Opposing review costs India dear
If at the end of the first day’s play of the Border-Gavaskar Trophy, India cannot claim to have the advantage in the first Test, it can be blamed on a big umpiring blunder.
With R Ashwin weaving a spin web around Australia, it looked a matter of time before the visitors’ innings folded up. Ashwin had run through the top order to reduce Australia to 206 for five, and only Michael Clarke stood between the two teams.
Then came the kind of moment which are said to turn matches and series.
Ashwin came up with a wicket-taking delivery, but Clarke got away when umpire Kumar Dharmasena didn’t pick up a thick inside edge, which ballooned up to short leg fielder Cheteshwar Pujara off the batsman’s thigh pad. Clarke was on 38 then and went on to score an unbeaten 103 and help Australia finish the day on 316 for seven.
For many, the Indian team has itself to blame, for if they had agreed to the use of umpires’ decision review system (DRS) for the series, they could have contested the decision.

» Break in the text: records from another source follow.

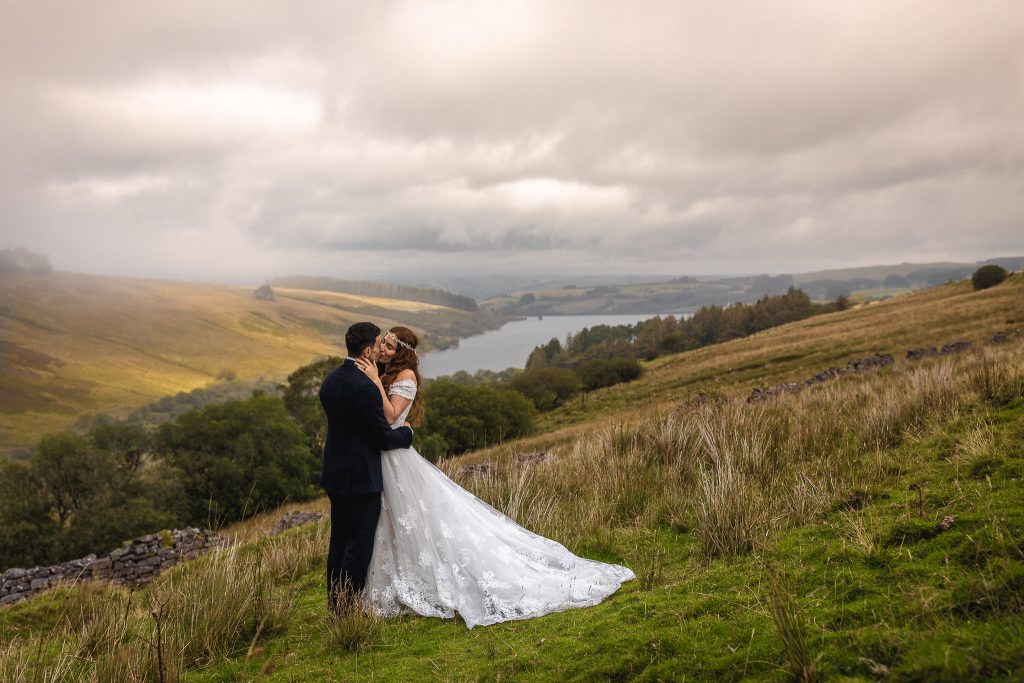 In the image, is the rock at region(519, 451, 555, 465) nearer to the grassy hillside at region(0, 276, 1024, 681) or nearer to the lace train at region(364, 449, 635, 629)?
the grassy hillside at region(0, 276, 1024, 681)

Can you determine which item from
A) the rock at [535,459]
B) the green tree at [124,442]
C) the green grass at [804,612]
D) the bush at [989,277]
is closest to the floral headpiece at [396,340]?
the green grass at [804,612]

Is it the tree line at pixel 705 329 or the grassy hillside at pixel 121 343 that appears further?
the tree line at pixel 705 329

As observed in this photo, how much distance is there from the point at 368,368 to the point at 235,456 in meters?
37.7

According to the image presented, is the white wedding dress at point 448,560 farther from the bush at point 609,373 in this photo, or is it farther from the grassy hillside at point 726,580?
the bush at point 609,373

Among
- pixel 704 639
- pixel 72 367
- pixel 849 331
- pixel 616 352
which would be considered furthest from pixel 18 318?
pixel 704 639

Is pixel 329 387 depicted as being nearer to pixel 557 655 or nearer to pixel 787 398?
pixel 557 655

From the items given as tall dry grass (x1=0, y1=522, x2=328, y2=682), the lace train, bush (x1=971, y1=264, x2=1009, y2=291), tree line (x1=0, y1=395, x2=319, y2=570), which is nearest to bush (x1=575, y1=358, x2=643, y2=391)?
tree line (x1=0, y1=395, x2=319, y2=570)

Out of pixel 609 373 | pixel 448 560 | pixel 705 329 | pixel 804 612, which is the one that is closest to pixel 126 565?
pixel 448 560

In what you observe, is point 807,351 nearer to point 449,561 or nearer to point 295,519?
point 295,519

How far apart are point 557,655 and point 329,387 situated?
2.84 metres

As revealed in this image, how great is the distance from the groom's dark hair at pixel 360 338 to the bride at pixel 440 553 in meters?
0.14

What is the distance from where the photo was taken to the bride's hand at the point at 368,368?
504 centimetres

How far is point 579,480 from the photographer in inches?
302

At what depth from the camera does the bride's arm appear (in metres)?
5.08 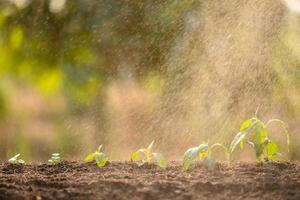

The Indian cricket board is the only one against the use of this technology and the bowler to suffer, Ashwin, supported his board’s stance on Friday. “What if we’d gone for DRS and didn’t have another review left?” commented the Indian off-spinner when asked whether after the incident he felt with DRS the situation of the game would have been different.
The review system is used in the ICC events, but when it comes to bilateral series, N Srinivasan & Co are against the use of DRS in its present form. In a recent interview, BCCI president Srinivasan said: “We don’t believe in it (DRS). I don't want to dictate to other people. We don't believe the technology is good enough.”
A similar umpiring blunder had changed the course of the 2007-08 series against Australia when umpire Steve Bucknor failed to notice a thick edge off Andrew Symonds during the Sydney Test. He went on to hammer an unbeaten 162 to help Australia recover from 134 for six to 463 and win the series.